▶ Work instruction
For the entries below, repeat exactly each line starting with the one that contains "Building Photo - Charming" and going on through the one that contains "Property photo for", and no others.

▶ Working data
....
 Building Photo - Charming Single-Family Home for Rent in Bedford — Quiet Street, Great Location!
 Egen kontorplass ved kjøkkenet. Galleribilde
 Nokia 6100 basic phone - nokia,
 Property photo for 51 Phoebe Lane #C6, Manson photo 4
....
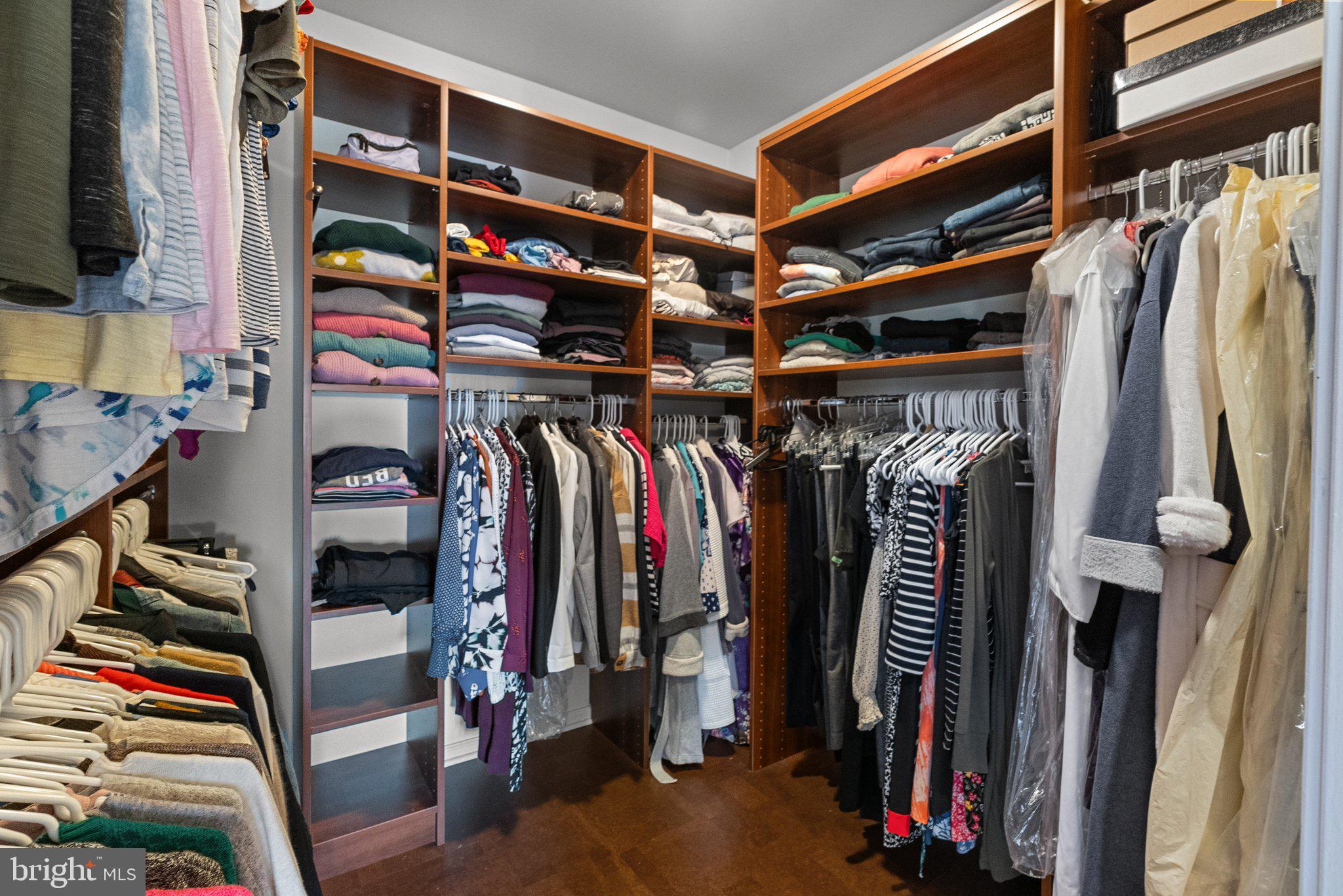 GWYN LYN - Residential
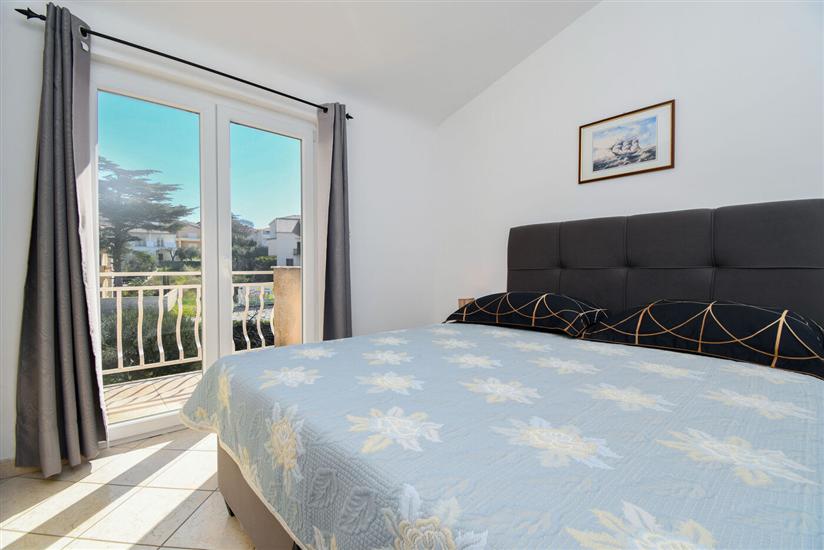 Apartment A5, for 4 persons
....
▶ Reply
 Building Photo - Charming Single-Family Home for Rent in Bedford — Quiet Street, Great Location!
 Egen kontorplass ved kjøkkenet. Galleribilde
 Nokia 6100 basic phone - nokia,
 Property photo for 51 Phoebe Lane #C6, Manson photo 4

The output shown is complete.